_Problem requirements:_
Exactly and only the lines from the line holding "BTS được xác" to the end of the records should be reproduced. Leave pictures out.

_Raw data:_
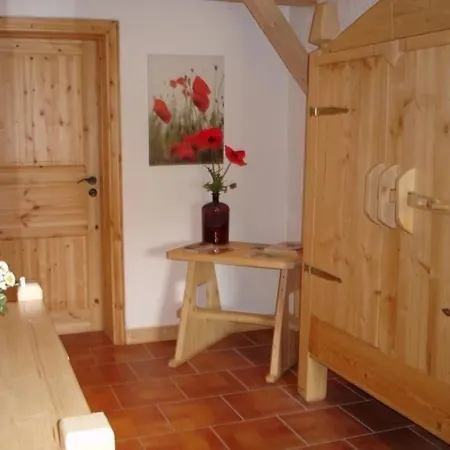 아파트 Ferienwohnung In Der Seenlandschaft - B57375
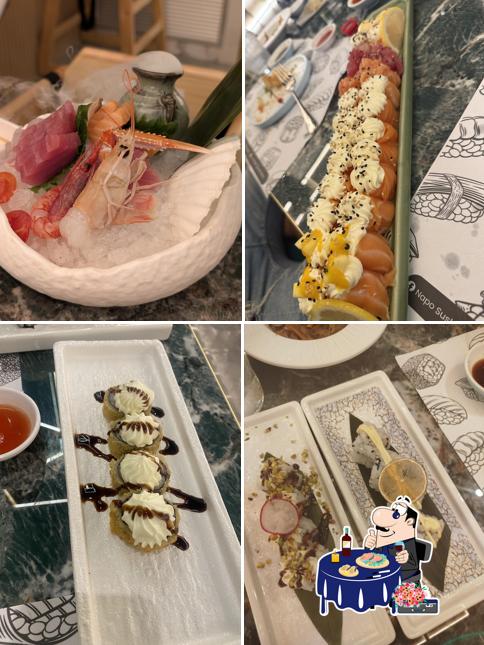 Napo sushi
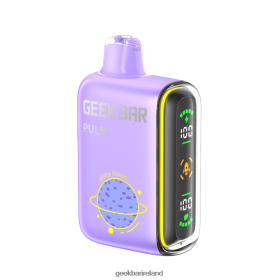 Geek Bar Pulse 15K Disposable Vape 4Z428T54 Meta Moon | Geek Bar Cigarettes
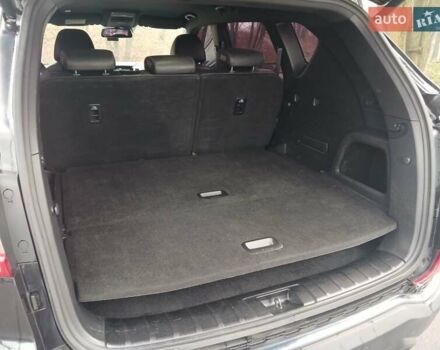 Чорний Cанг Йонг Rexton, об'ємом двигуна 2.16 л та пробігом 132 тис. км за 19700 $, фото 42 на Automoto.ua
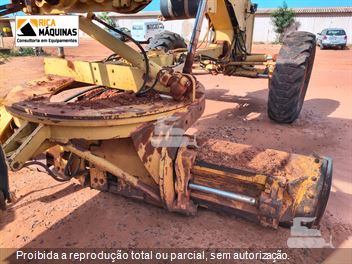Motoniveladora Caterpillar 120H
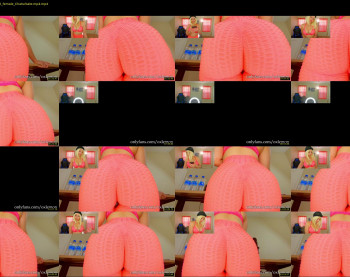 oxlemon — 22 minute Chaturbate female cam show recording, 1080p, Oct 30, 2020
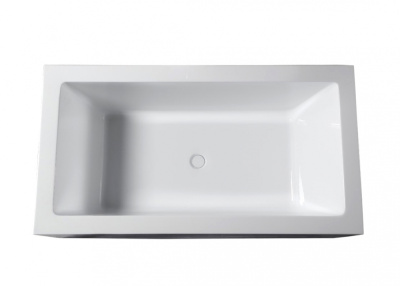 ABBER Акриловая ванна 160x80x60 AB9406-1.6 от интернет-магазина Purezza 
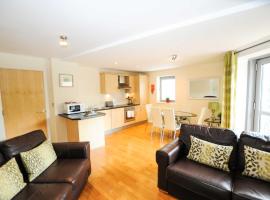 Hamilton Court Apartments from Your Stay Bristol, hotell Bristolis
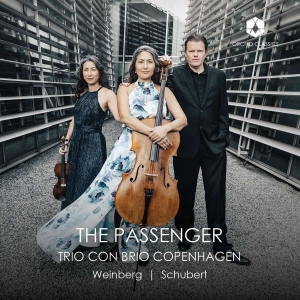 Franz Schubert Mieczyslaw Weinberg - Schubert & Weinberg: The Passenger i gruppen VI TIPSAR / Fredagsreleaser / Fredag den 2:e Februari 2024 hos Bengans Skivbutik AB (5516093)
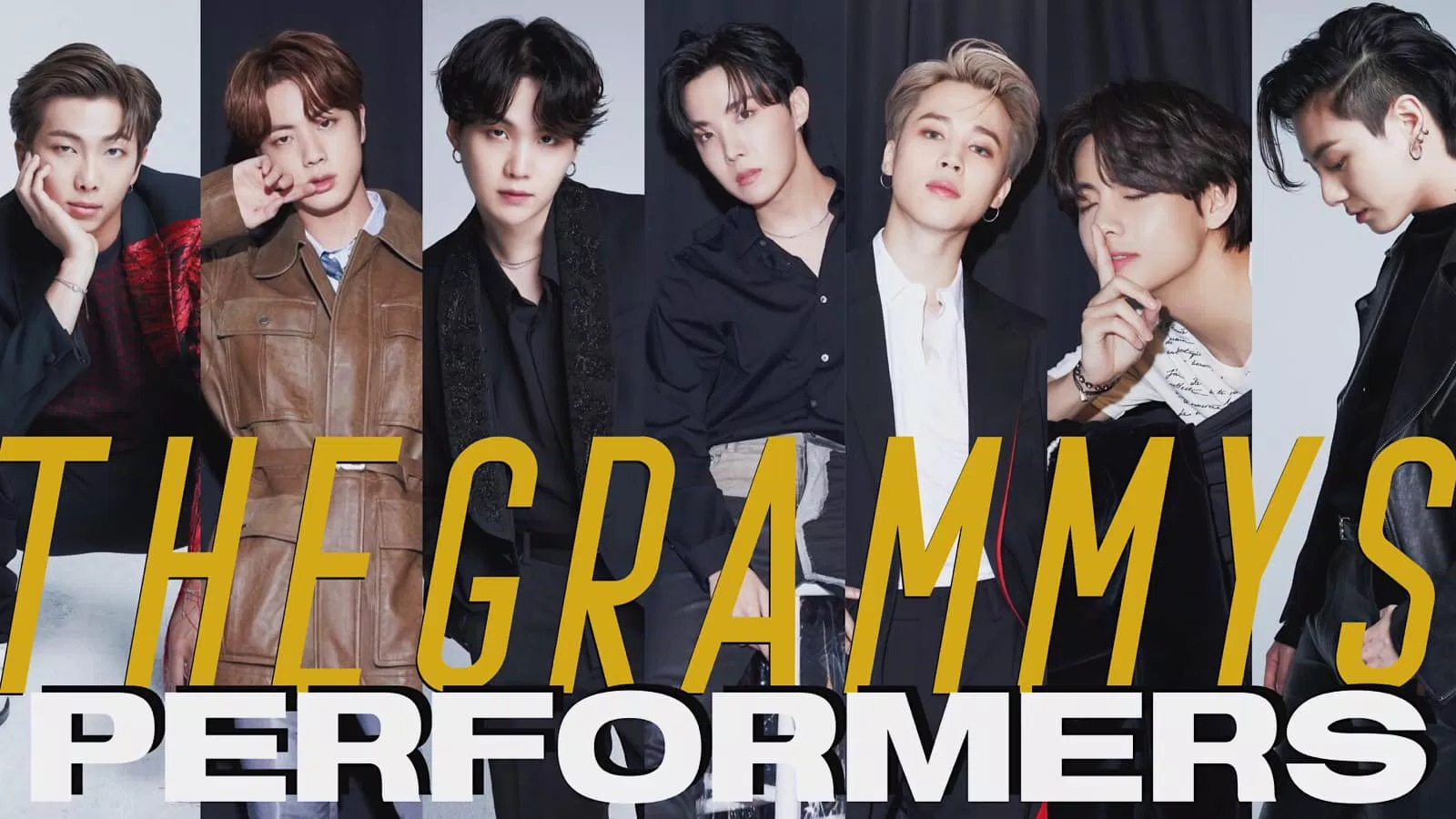 BTS được xác nhận tham gia vào dàn lineup, cũng như có sân khấu riêng tại Grammy 2021 (Ảnh: Internet)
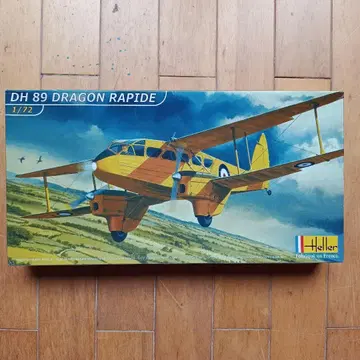 에레르 데하비랜드 DH 89 드래곤 라피드 1/72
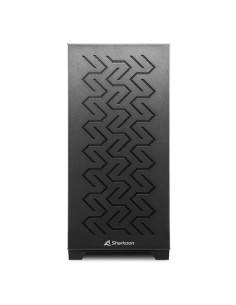 Sharkoon MS-Z1000 Micro Torre Negro 2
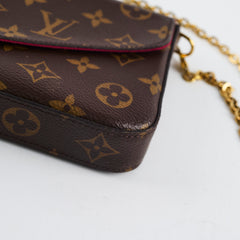 Louis Vuitton Felicie Monogram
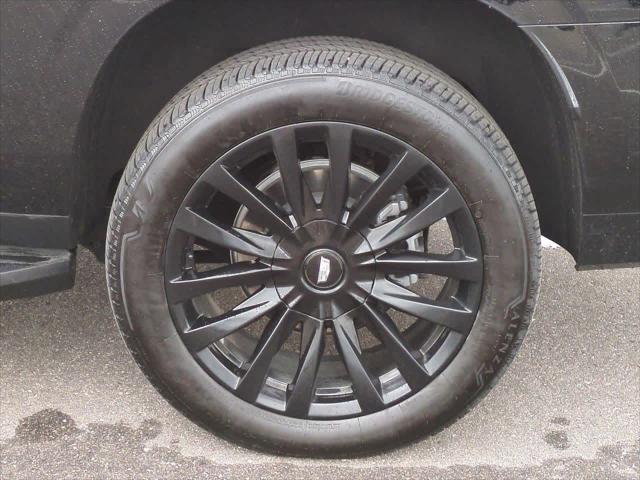 used 2024 Cadillac Escalade ESV car, priced at $89,899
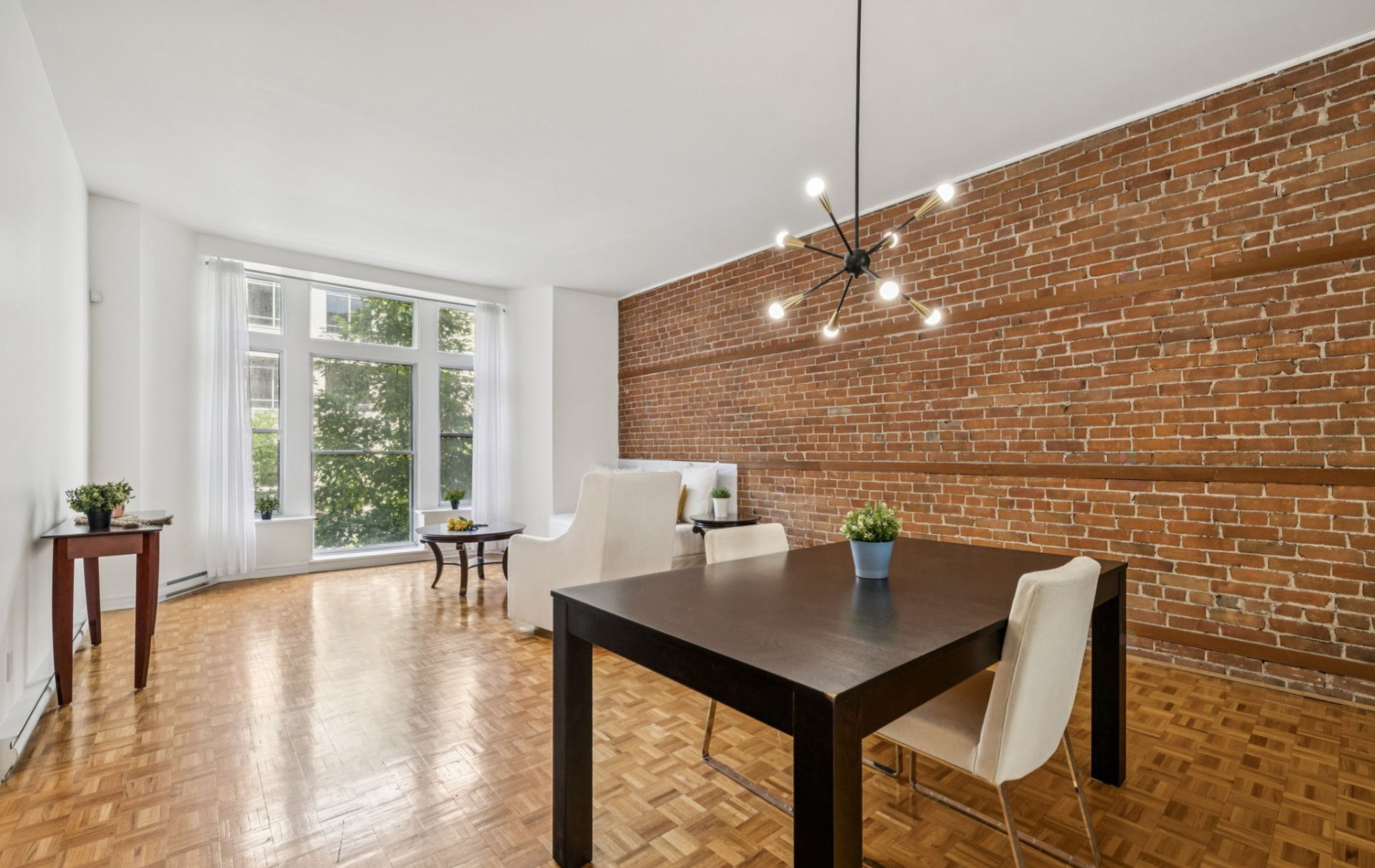 Photo - Salle à manger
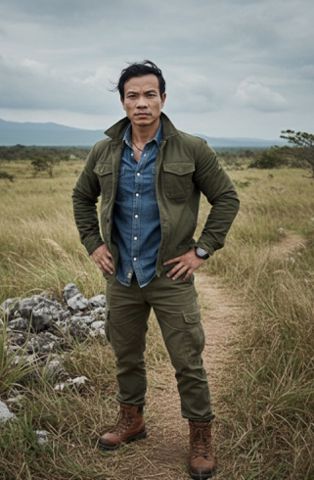 Bạn Nam Quang Độc thân 41 tuổi Tìm người để kết hôn ở Bình Đông, Hồ Chí Minh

_Exercise output:_
 BTS được xác nhận tham gia vào dàn lineup, cũng như có sân khấu riêng tại Grammy 2021 (Ảnh: Internet)
 에레르 데하비랜드 DH 89 드래곤 라피드 1/72
 Sharkoon MS-Z1000 Micro Torre Negro 2
 Louis Vuitton Felicie Monogram
 used 2024 Cadillac Escalade ESV car, priced at $89,899
 Photo - Salle à manger
 Bạn Nam Quang Độc thân 41 tuổi Tìm người để kết hôn ở Bình Đông, Hồ Chí Minh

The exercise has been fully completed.